The Cooper Active Living Center isn’t even built yet and it’s already winning awards.
The Massachusetts Clean Energy Center recently named the currently-in-construction senior community center (which will include spaces for the whole community) named the Cooper Center a runner up in its Embodied Carbon Reduction Challenge. And that runner-up status comes with $30,000.
The Cooper Active Living Center will offer what its title suggests: active living. The 32,000-square-foot facility, set to open in late 2025, will have a gymnasium with a suspended walking track, a game room, fitness rooms, activity spaces, an outdoor roof deck and more to keep seniors and their friends active and part of the community.
Wood you look at that
The Embodied Carbon Reduction Challenge report cited, among other things, the Cooper Center’s innovative use of wood in place of concrete where possible, as well as cross-laminated timber decking and roofing, stress-engineered glulam wood means, wood stud framing and wood I-joists.
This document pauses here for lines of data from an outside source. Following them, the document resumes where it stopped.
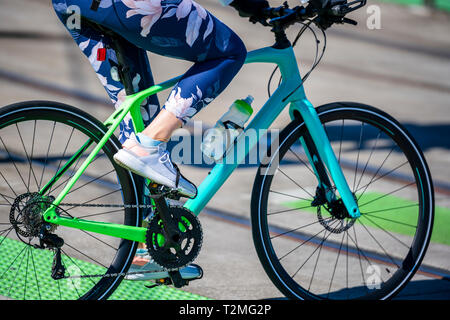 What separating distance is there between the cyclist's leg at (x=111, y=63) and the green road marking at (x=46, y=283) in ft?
2.59

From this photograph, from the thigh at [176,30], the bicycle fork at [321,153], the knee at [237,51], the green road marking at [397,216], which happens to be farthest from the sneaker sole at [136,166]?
the green road marking at [397,216]

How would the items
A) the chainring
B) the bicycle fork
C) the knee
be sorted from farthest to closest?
the bicycle fork → the chainring → the knee

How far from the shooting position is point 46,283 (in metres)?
3.74

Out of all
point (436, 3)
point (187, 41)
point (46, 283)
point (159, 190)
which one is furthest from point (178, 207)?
point (436, 3)

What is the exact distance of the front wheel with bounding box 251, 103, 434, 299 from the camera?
3621 mm

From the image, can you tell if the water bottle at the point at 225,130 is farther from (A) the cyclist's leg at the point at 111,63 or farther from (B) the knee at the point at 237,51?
(A) the cyclist's leg at the point at 111,63

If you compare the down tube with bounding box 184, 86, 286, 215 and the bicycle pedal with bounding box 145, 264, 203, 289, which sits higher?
the down tube with bounding box 184, 86, 286, 215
Cross-laminated timber is prefabricated wood engineered by cris-crossing wood fragments and securing them with a very strong glue, and it’s both light-weight and about as strong as concrete with far fewer environmental impacts (lots more fossil fuels are used to create concrete and steel, according to MIT).
“The optimization resulted in 27% reduction in embodied carbon when compared to the baseline,” Newton Public Buildings Commissioner Josh Morse wrote in an email announcing the award.
According to a 2022 United Nations report, building materials account for about 9 percent of the world’s greenhouse gas emissions.